Hash Caching - RetroShare/documentation GitHub Wiki
(text wrote in 2010)
It's a pain that RS wastes the already computed hash of files when it cannot find them anymore. This happens e.g. when you move a file from a directory to another without modifying the file, and when you share an external HDD: if you start RS without the HDD, then all the hashes are lost and you will have to re-hash from scratch next time you plug your HDD in.
Hash caching is the solution, and it's a simple one: I plan, in fimonitor.cc, to maintain a list of quadruples (filename, size, hash, timestamp) for recently hashed files, without structure. This list will be cleared regularly to only keep recent info, to be parameterized in the GUI. We could have a box named "Keep memory of recently hashed files for [to be setup by user] days".
When hashing new files, fimonitor will first look into this list to check whether the hash is already known.
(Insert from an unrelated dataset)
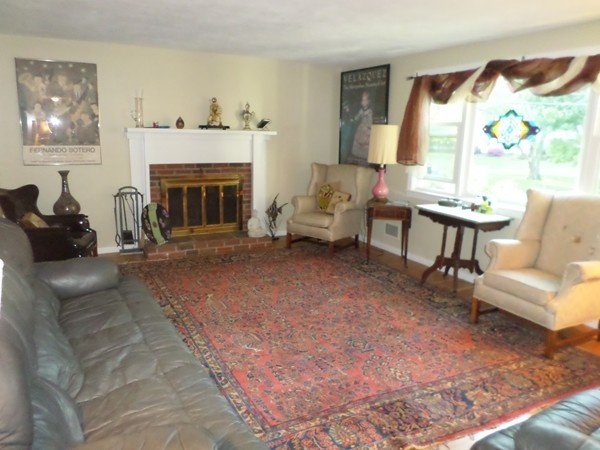 344 Belknap Road Framingham, MA 01701 - Photo 3 of 20 Gallery Image 3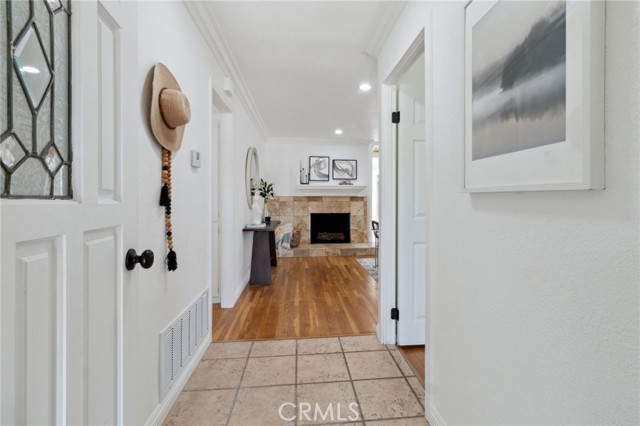 2383 N Comstock Street, Orange CA: https://media.crmls.org/medias/62483129-ad36-4306-84ef-c596131697c9.jpg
If yes, it won't hash again, but instead copy the info from the hash cache list.
This looks like we'll be facing the problem of not re-hashing files that have been changed, but in fact we won't, because the info that is used to re-use a hash is the same than the info that fimonitor already check for on existing file to re-hash them.
Possible improvements:
- only put in the list files that are not in the shared file list, to avoid duplicates, although the info might not be so much large.